BRIEF => Every line from the one holding "Beverstone Castle - Architecture STL" through the one holding "Scottsdale Arabian Horse" in the data below must be returned exactly, both ends included, with pictures left out and nothing else added.

TASK INPUT =>
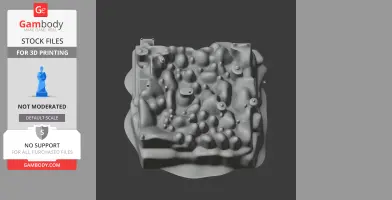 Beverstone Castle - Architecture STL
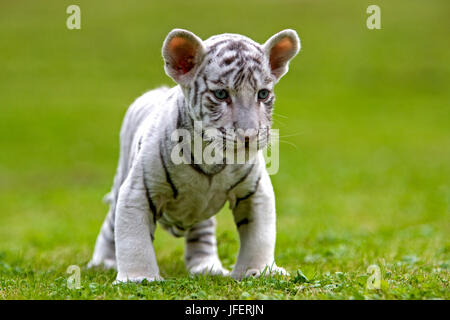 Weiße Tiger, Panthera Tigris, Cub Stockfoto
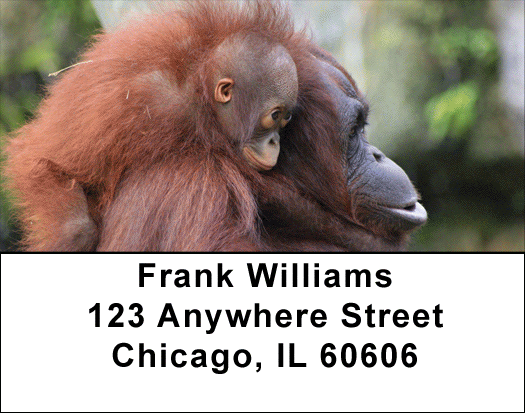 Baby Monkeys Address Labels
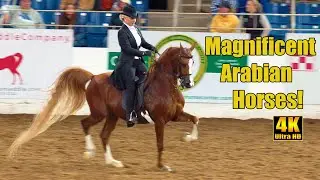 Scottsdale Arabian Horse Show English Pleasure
--
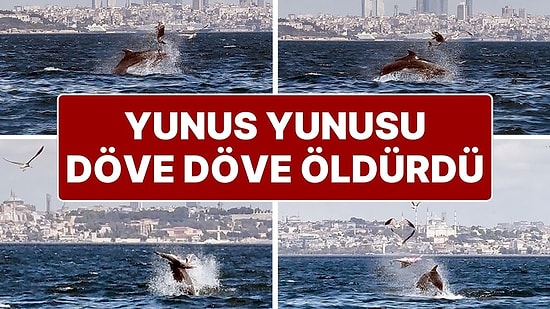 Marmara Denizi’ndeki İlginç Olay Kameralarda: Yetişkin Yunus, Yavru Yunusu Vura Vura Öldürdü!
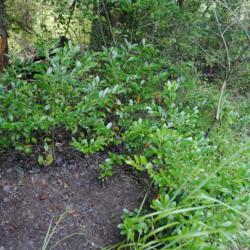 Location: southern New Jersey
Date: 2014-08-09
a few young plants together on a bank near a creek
---
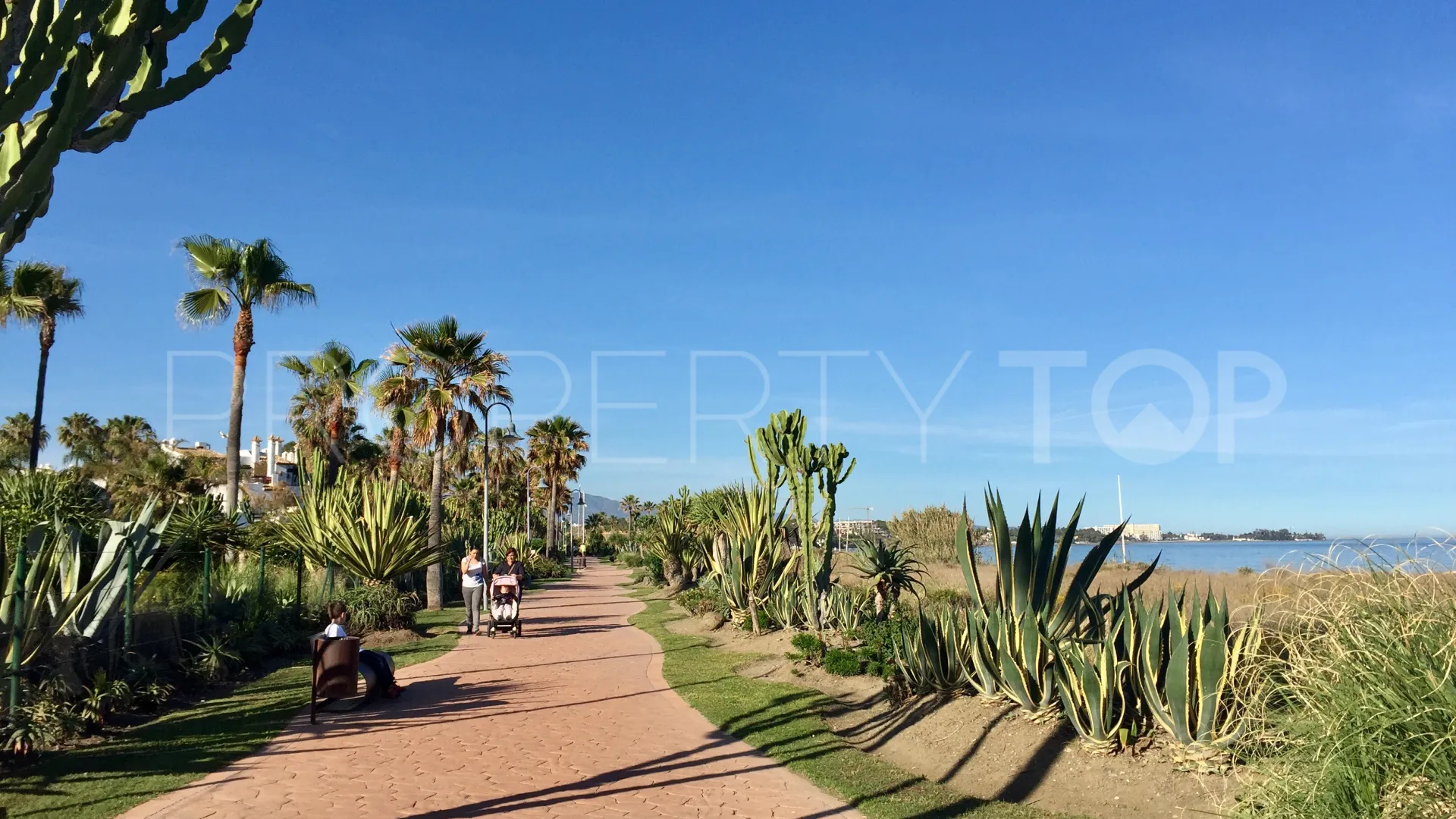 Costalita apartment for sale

SOLUTION FOR THIS EXERCISE =>
 Beverstone Castle - Architecture STL
 Weiße Tiger, Panthera Tigris, Cub Stockfoto
 Baby Monkeys Address Labels
 Scottsdale Arabian Horse Show English Pleasure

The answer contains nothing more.